Granted, Owen and Lindell are more likely to complain about who gets more cookies or a bigger present (the only thing they don’t want me to make even is the amount of green beans they each get) than what I write about. Still, I have limited patience for the whole fairness thing. Therefore, the file-your-grievances-here line moves rather slowly. In fact, with multiple children, the line is a lot like my e-mail in box — it’s never empty.
Of course, this reader’s comment is nothing new. Several times a year, in response to various columns, readers write to tell me that I favor Ford. This is a relief to Dustin because it means that people have forgotten all the columns about him. I remind these readers that I do write about Lindell (anyone remember when Lindell announced at Christmas that his friend Preston needed help “wiping his butt”?) and that Owen, after the whole waffle-flopper incident, requested that I never put his name in print again. He has since retracted his request, but I’m still gun-shy.
There is some truth to these readers’ accusations. Columns about Ford number are second only to columns about Dustin having another Clark Griswald moment. But this doesn’t mean that I favor Ford more than I favor my other children. It means that his experiences are more novel and interesting.
Ford, like all firstborn children, is a human weed whacker. He is walking through the dense woods of growing up, and overgrown limbs (learning experiences) and weeds (life lessons) are smacking him in the face. He can’t see far in front of him because there are only more and more weeds and limbs.

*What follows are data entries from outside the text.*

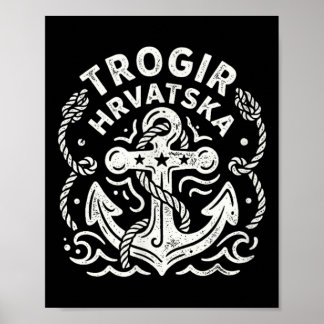 Poster Trogir Croácia Âncora Bonita Náutica Barco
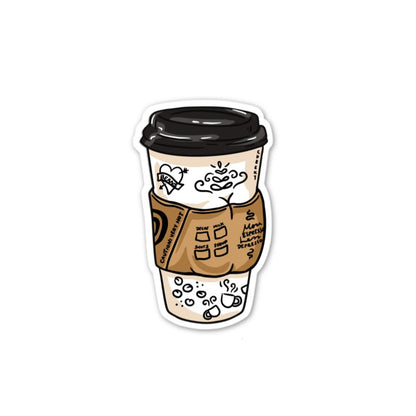 Coffee Takeout Booty Vinyl Sticker - Cheeky Art Studio - allison thompson - allisthompson - art - Electronics Stickers & Decals - Portland, Oregon - Asian American Artist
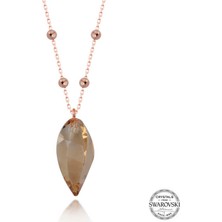 Fumeyabi Crystal Taşlı Rose Top Zincir Gümüş Kadın Kolye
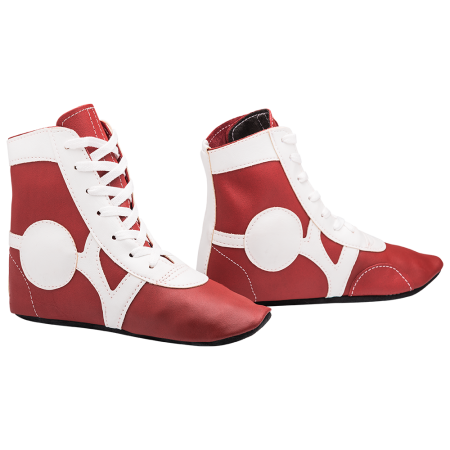 Купить Обувь для самбо SM-0102, кожа, красный Rusco в Будённовске 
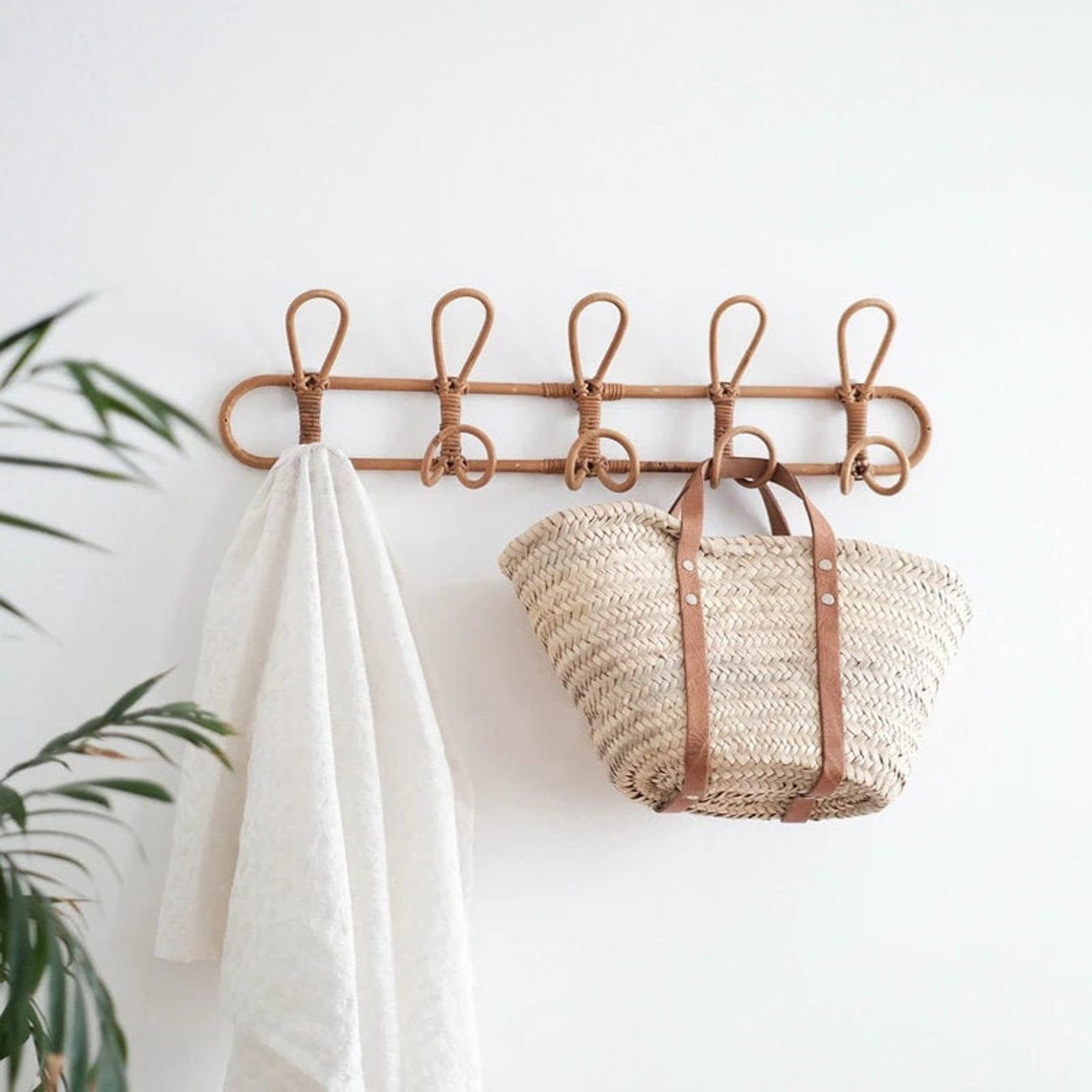 Rattan Hooks Rattan Wall Hanging Clothes Hanger Coat Hooks for Etsy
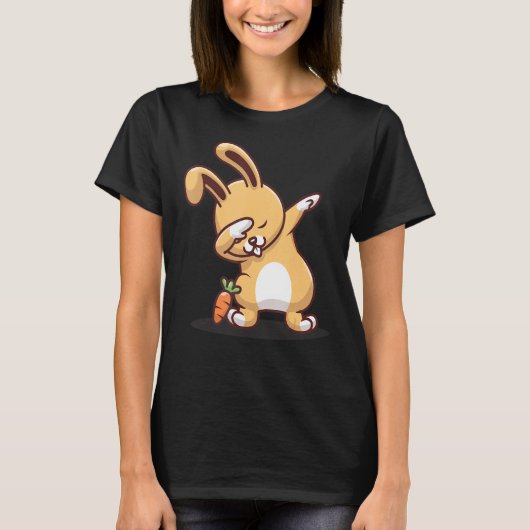 Dabbing Bunny met wortel T-shirt (Voorkant)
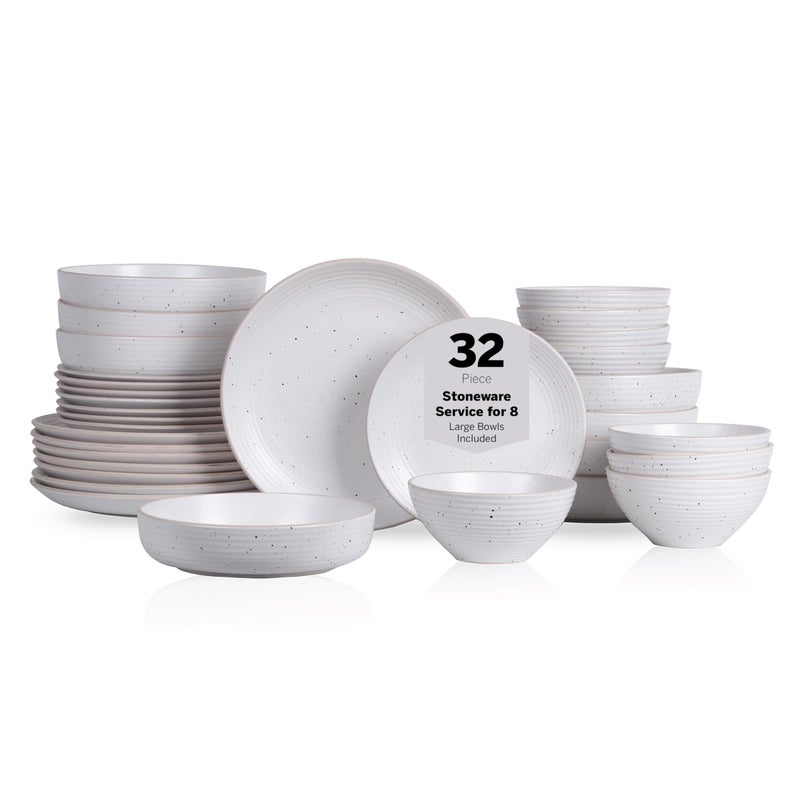 Stone Lain Lauren Modern Stoneware 32piece Round Dinnerware Set Plates and Bowls Set Dish set for 8 Off White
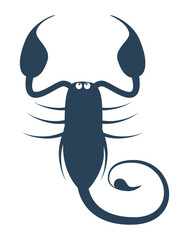 Dark blue zodiac sign Scorpio depicting arthropod animal. Illustration of an astrology sign. Vector icon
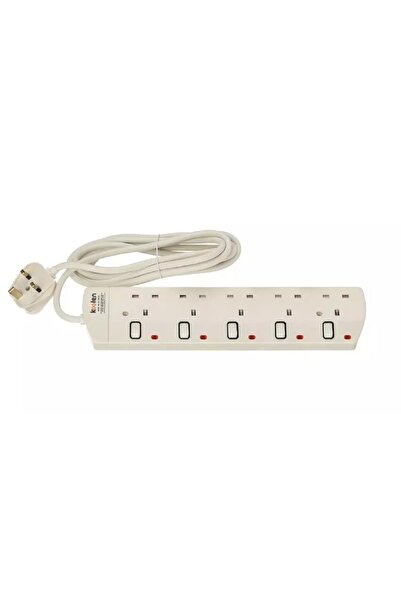 Koolen 5 Ways Power Extension Sockets, 5 m, White.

He knows these will also whip him in the face as he passes by, clearing a path.
Owen, like all second-born children, is crouched behind Ford and grimacing every time he hears a limb snap or his older brother moan in agony. His hands are on Ford’s waist, and he leans his body this way and that, daring to look, then retreating to the safety of Ford’s back. But mostly, Owen is thankful for a cleared walkway. He has never had to weed-whack. Ford’s face is marked by all the obstacles he has forced out of the way; Owen’s face has seldom met a twig that didn’t hit his brother’s face first.
You can see this when they are getting ready for school in the morning. While I am scolding Ford for losing his gloves and hat (again), Owen slinks away to find his own. Soon he is completely dressed and waiting on the front porch, undoubtedly making mental notes about where to keep his winter gear in the future so that he will never lose them.

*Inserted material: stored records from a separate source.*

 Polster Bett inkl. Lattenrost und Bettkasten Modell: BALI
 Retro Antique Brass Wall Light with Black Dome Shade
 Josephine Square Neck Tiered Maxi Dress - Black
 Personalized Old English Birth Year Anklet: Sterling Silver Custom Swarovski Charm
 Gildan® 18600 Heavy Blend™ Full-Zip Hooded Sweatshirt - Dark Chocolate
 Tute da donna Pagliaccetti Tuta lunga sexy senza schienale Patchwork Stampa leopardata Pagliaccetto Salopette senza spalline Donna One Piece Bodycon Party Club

You also can see it when Ford comes home from school with new information about what is and is not cool. Ford has to learn these things as they hit him in the face. Not only does Owen have the benefit of advance notice, but his path has been cleared, too.
Lindell is so far removed from the weed whacker, he is simply drafting. He does not know that there ever were limbs and weeds. Sometimes this is to his detriment. The path, unexpectedly, has regrown partially in between him and Owen. This is what makes Lindell more like Ford than Owen.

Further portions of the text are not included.